The study reports a phase 2a double-blind, randomized placebo-controlled clinical trial on the efficacy of injecting nodules of DD with adalimumab, a TNF inhibitor [7]. The authors should be applauded for choosing a local delivery route via intra-nodular injection to assess the efficacy of a biologic, which might become routine in the future to avoid the necessity for surgical procedure. In this trial, the authors chose to inject the nodules two weeks prior to the scheduled surgery to test three different doses of adalimumab, which are 15 mg in 0.3 ml (n = 6; placebo n = 2), 35 mg in 0.7 ml (n = 9; placebo n = 3) or 40 mg in 0.4 ml (n = 6; placebo n = 2). Surgically excised tissues were subjected to mRNA and protein analyses. The primary outcome measure was to determine the levels of mRNA expression for α-SMA. Secondary outcomes were to determine the mRNA expression for collagen types I, III, and cadherin 11, as well as levels of α-SMA and collagen proteins. The authors found no changes in the mRNA expression for all genes assayed. Expression of α-SMA protein was reduced in patients who received 40 mg of adalimumab compared to those injected with placebo, or 35 mg or 15 mg of adalimumab. These data are in concordance with the previous in vitro finding that inhibiting TNF levels can downregulate the myofibroblast phenotype [6]. Previous reports suggest an increased proportion of type III collagen in earlier lesions, which changes to a greater proportion of type I collagen at later stages of the disease [8]. In the present study, the authors reported that TNF inhibition decreased the protein expression of procollagen type I but no differences were noted in procollagen type III levels due to the low sensitivity of the assay for procollagen type III [7]. TNF inhibition also did not reduce nodule size or hardness, which is not unexpected as the injection was administered only on one occasion.

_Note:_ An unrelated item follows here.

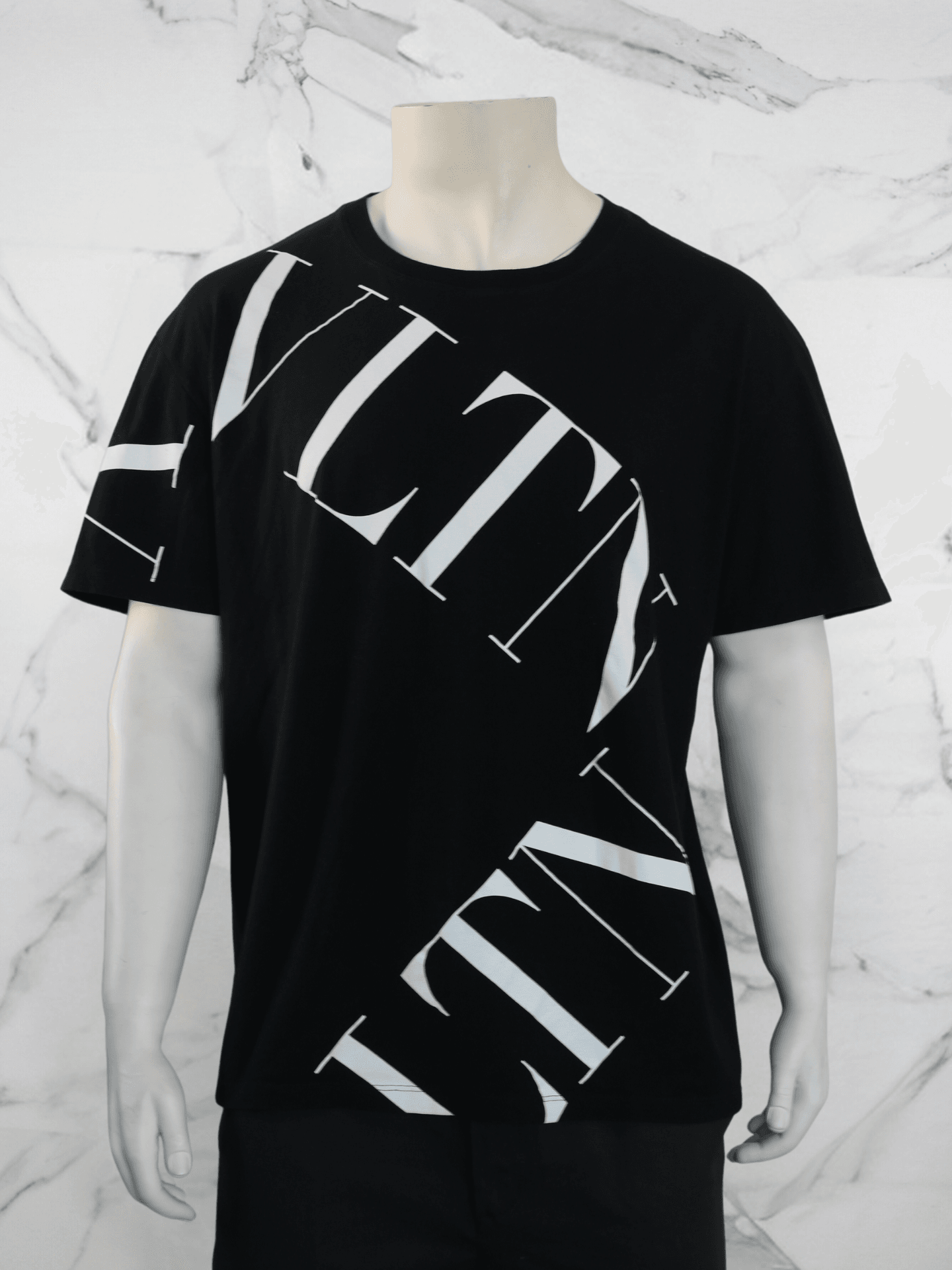 Camiseta Valentino VLTN Diagonal Preta | Zivē Club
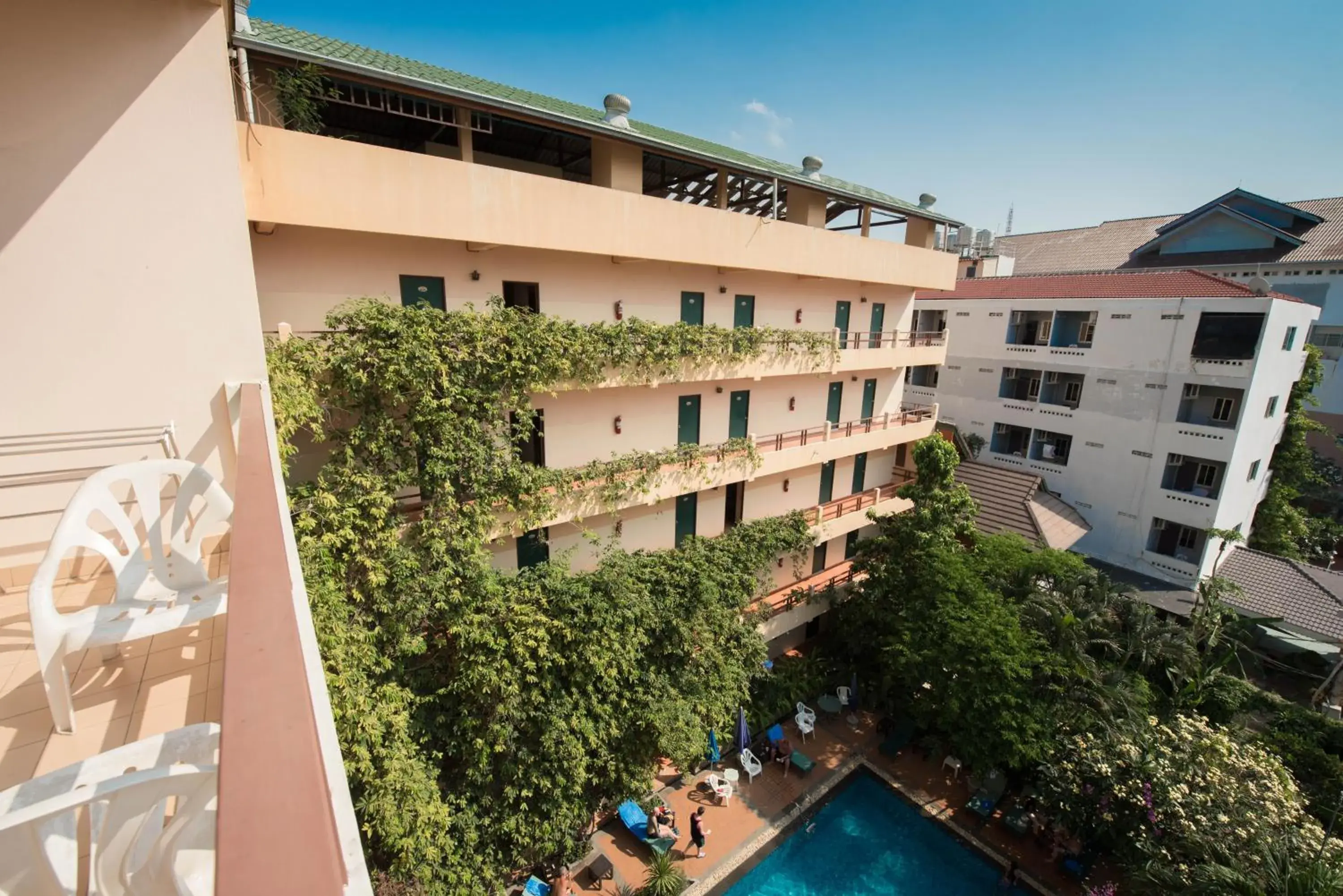 Property building, Pool View in Opey De Place Pattaya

The study also has a few limitations, which hopefully be addressed by the authors in their upcoming trial. An interesting finding would have been if the levels of the growth factors mainly TGF-β1 and PDGF, along with TNF in the excised tissue was reported, which would have added more strength on the utility of adalimumab for DD. Another interesting observation would have been if authors had reported the changes in the expression level of the ECM protein namely fibronectin a known contributor in DD pathogenesis along with type I and type III collagens.

Overall, with this trial, the authors have established safety and determined the effective dose and volume (40 mg in 0.4 ml) of adalimumab to proceed to a phase 2b clinical trial with a larger cohort of patients with early-stage DD to investigate the efficacy of intra-nodular injections every 3 months over a 12-month period. The ongoing phase 2b clinical trial should allow the authors to ascertain whether multiple injections can decrease nodule size and hardness. If a significant decrease in nodule size and hardness is noticed, it indirectly reflects that there might have been a significant decrease in myofibroblast formation and collagen accumulation. The authors should also consider a future clinical trial of patients with the advanced form of the disease to investigate the potential of adalimumab in preventing recurrence.

Disclosure

The author declared no conflicts of interest.